- _What is required_: Among the entries below, copy only the span from the line containing "Seattle #68 Hart" through the line containing "Aladddin and Jasmine". Do so exactly, and skip the pictures.

***** Listed records

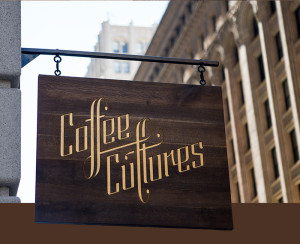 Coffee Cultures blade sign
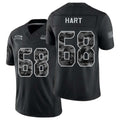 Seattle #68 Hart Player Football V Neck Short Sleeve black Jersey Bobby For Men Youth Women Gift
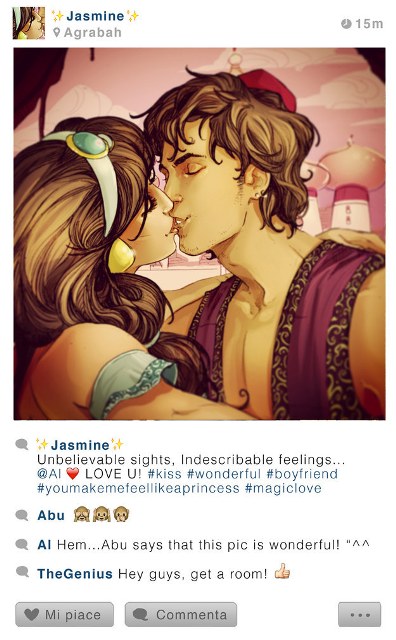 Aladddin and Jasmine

**********
***** Listed records

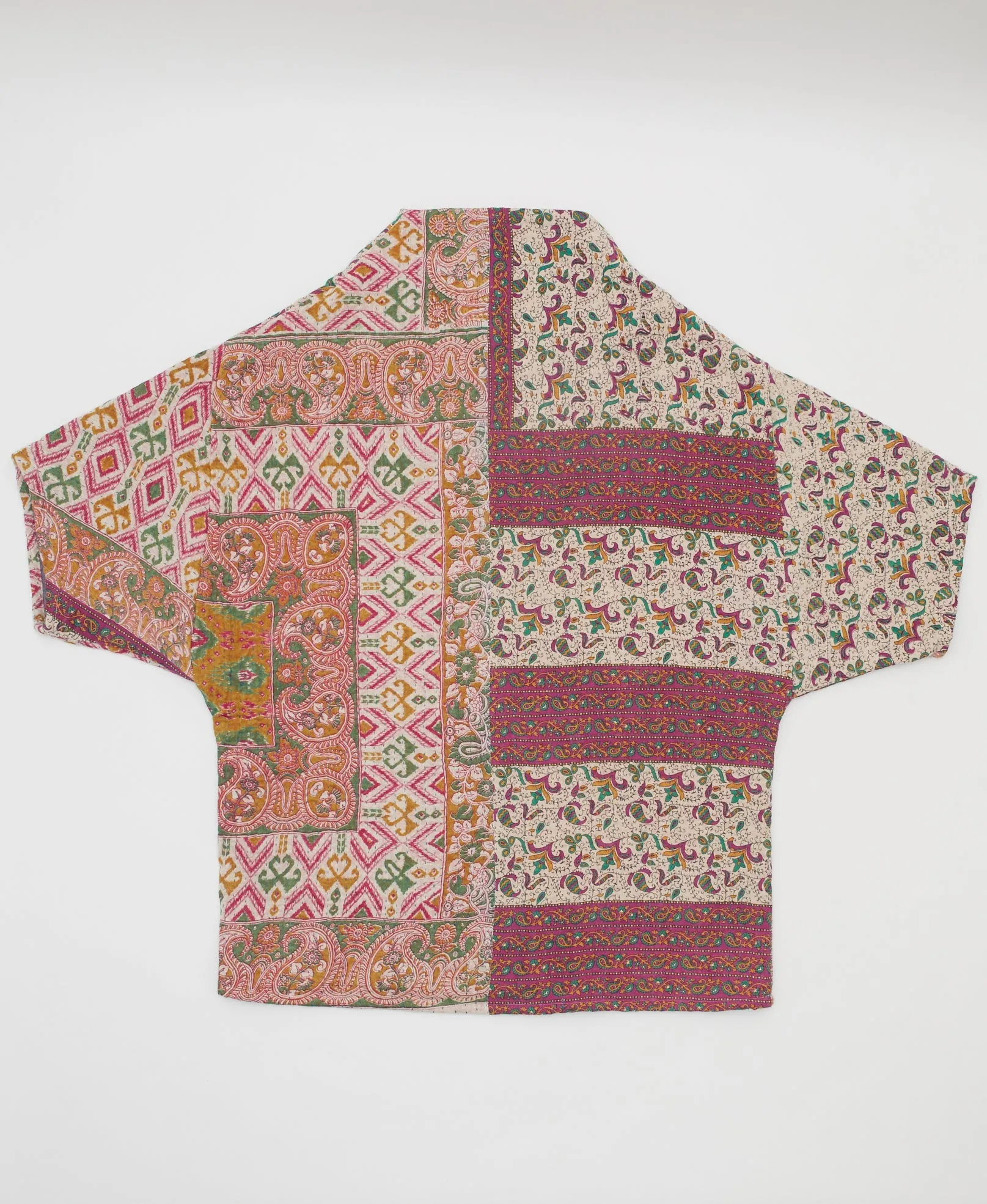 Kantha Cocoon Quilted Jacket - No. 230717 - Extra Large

**********

- _Task response_:
 Seattle #68 Hart Player Football V Neck Short Sleeve black Jersey Bobby For Men Youth Women Gift
 Aladddin and Jasmine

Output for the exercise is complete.